As a next step, the BFS distributions along the FUT were measured upon immersion of the cobalt doped fiber into water at various levels. The temperature profiles, acquired by immerging progressively the HAF into the water at a step of 5 mm, are shown in Figure 3. The low Brillouin gain along the HAF is responsible of the irregularities exhibited by the temperature profiles. Nonetheless, each temperature profile shows an abrupt change in correspondence of the water/air interface crossing point. The position where the temperature drops abruptly can be used as an indicator of the liquid position. In particular, we set a threshold equal to 45 °C, so that the level position was identified as the threshold crossing position. The only exceptions are the profiles acquired with the fiber totally outside the water (for which the temperature was always higher than the preset threshold), or totally immersed into water (for which the temperature was always lower than the preset threshold). For these two special cases, the measured level was set to 0 cm and 9 cm, respectively.
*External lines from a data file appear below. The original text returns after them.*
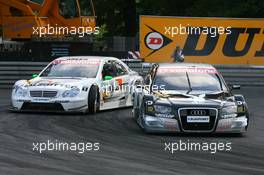 23.07.2006 Nurnberg, Germany,  Christian Abt (GER), Audi Sport Team Phoenix, Audi A4 DTM, holding up Jamie Green (GBR), AMG-Mercedes, AMG-Mercedes C-Klasse - DTM 2006 at Norisring (Deutsche Tourenwagen Masters)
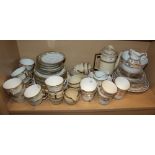 A Paragon floral edged teaset, another teaset and a coffee set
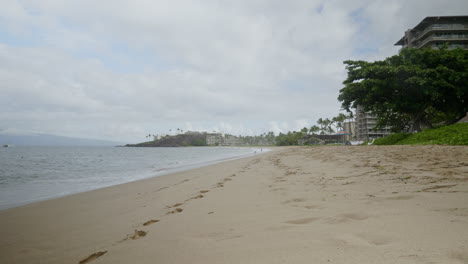 una vista estática de condominios de playa y hoteles en maui con olas rompiendo en la playa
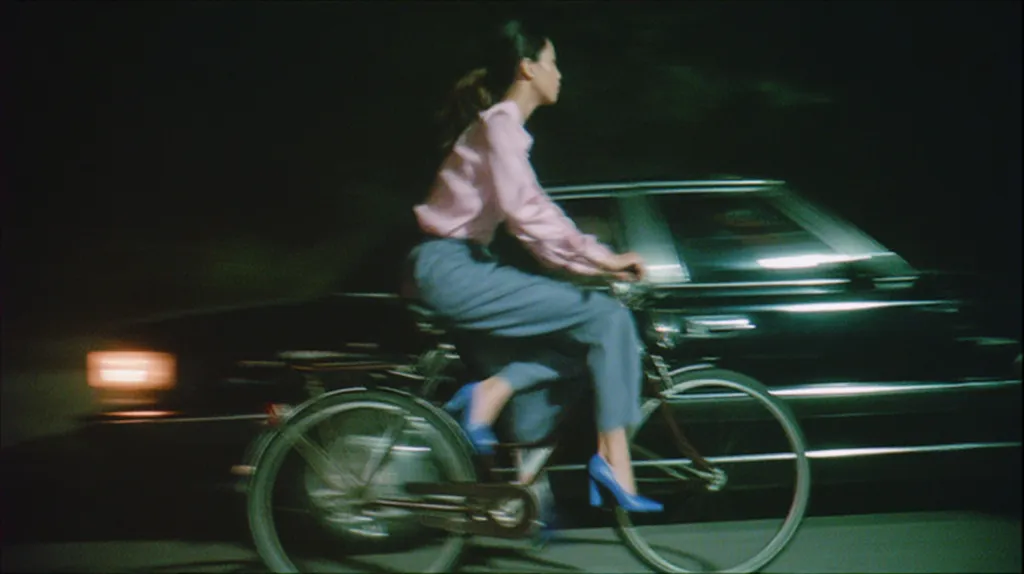 A young woman with dark hair, wearing a pink blouse and blue pants, rides a bicycle past a blurred, dark-colored car at night.  The scene is dimly lit, emphasizing the woman and her bike against the dark background.  The car is in motion, creating a sense of speed and movement. The overall tone is moody and atmospheric.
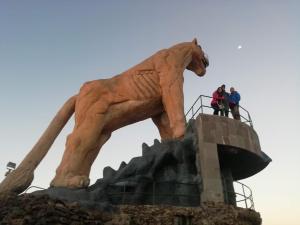 people standing on top of a statue of a horse at Lake HOME in Puno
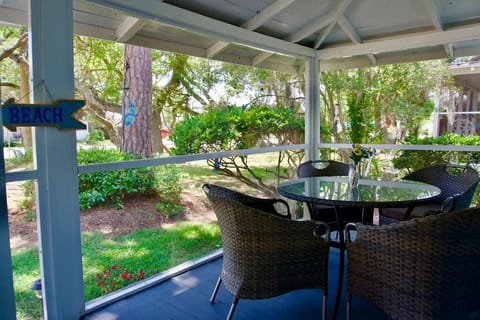 Screened in porch with outdoor dining area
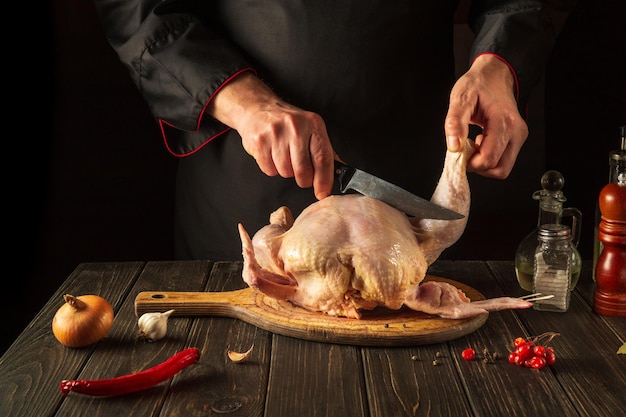 Le chef coupe le poulet à griller cru avant de préparer le dîner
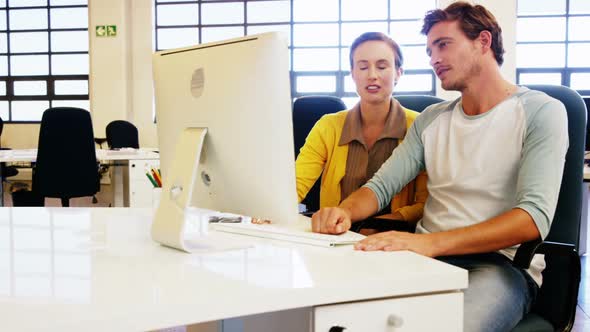 Colleagues looking at computer and discussing with each other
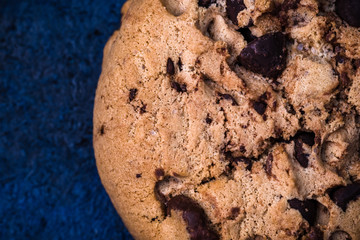 Detail of handmade chocolate chip cookie on dark blue background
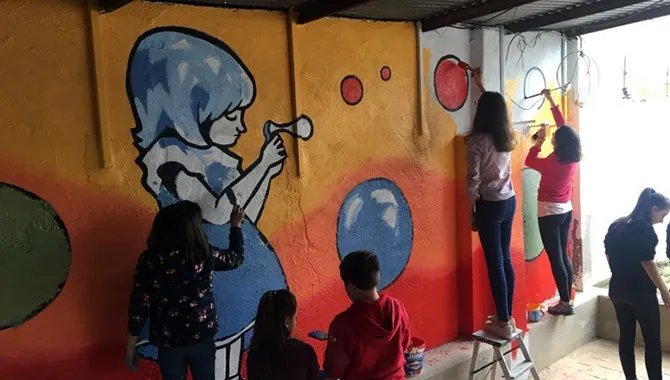 Grandes y pequeños colaboraban en la creación del mural participativo en Rágama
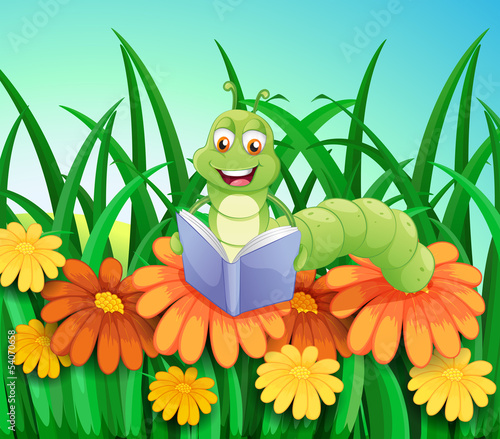 Fototapeta Naklejka Na Ścianę i Meble -  A worm reading a book at the garden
In order to improve the resolution of the level measurement in the intermediate cases, we have performed a linear interpolation of the temperature profiles, acquired at a spatial resolution of 8 mm, using an interpolated step of 1 mm. In Figure 4, we report the liquid level obtained by localizing the threshold-crossing position in the interpolated temperature profiles, compared to the level set by experiments. The reported graph shows that a good linear relationship exists between the experimentally determined liquid level and the nominal level. In particular, the acquired data indicate a maximum deviation between the measured level position and the linear fitting curve equal to 2.3 mm, while the mean square error is 1.1 mm. Note that, while the reported experiments were performed using water as liquid medium, any other liquid could be used as well. In fact, our system is not sensitive to the refractive index of the liquid, as the optical field remains well confined in the HAF core. The only physical parameter of the liquid medium coming into play is its heat transfer coefficient, which is usually much larger than the corresponding coefficient in air, leading to the abrupt change in temperature distribution observed experimentally.
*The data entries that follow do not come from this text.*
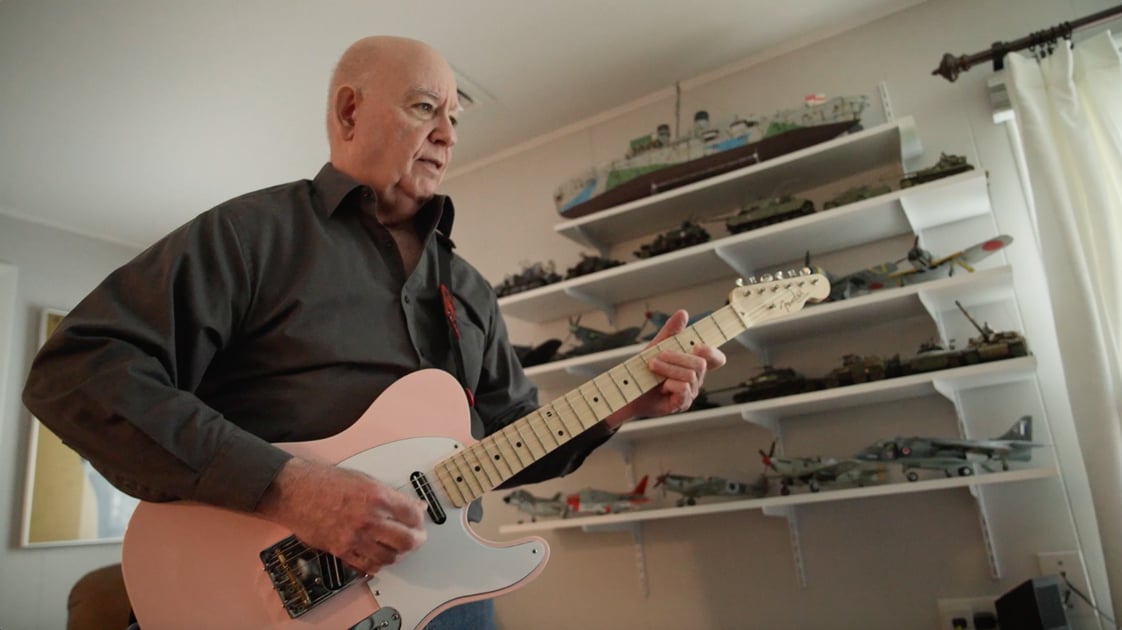 White man playing the guitar at home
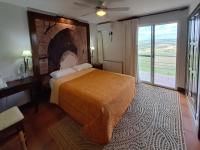 Posteľ alebo postele v izbe v ubytovaní Hotel Rural & Spa Las Nubes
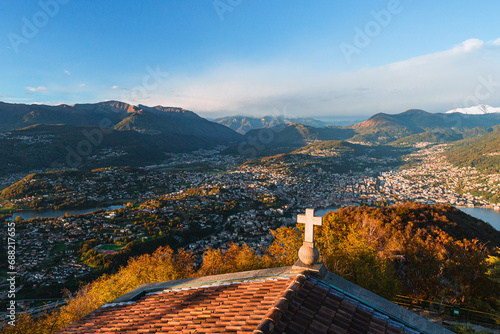 Wide-angle sunset view from the summit of Monte San Salvatore overlooking Lake Lugano Breathtaking panorama of the city, Melide causeway and the Swiss Alps in Ticino, Switzerland - November 2023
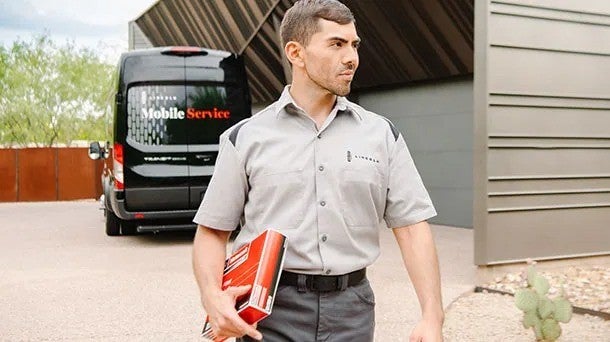 Lincoln service technician in uniform, holding a red binder, walks from a black Mobile Service van towards a building.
In conclusion, we have demonstrated the use of a self-heating approach for liquid level sensing measurements in cobalt-doped optical fibers. The main novelty of our proposal is the absence of any dedicated laser source for optical heating. In fact, we have shown that the strong c.w. components of the pump and probe waves, involved in the BOFDA configurations, are sufficient to heat the HAF at a sufficient temperature, allowing the localization of the air/liquid interface with a resolution dictated by the spatial resolution of the BOFDA setup. Future works will be devoted to enlarging the sensing range so as to cover a larger number of applications.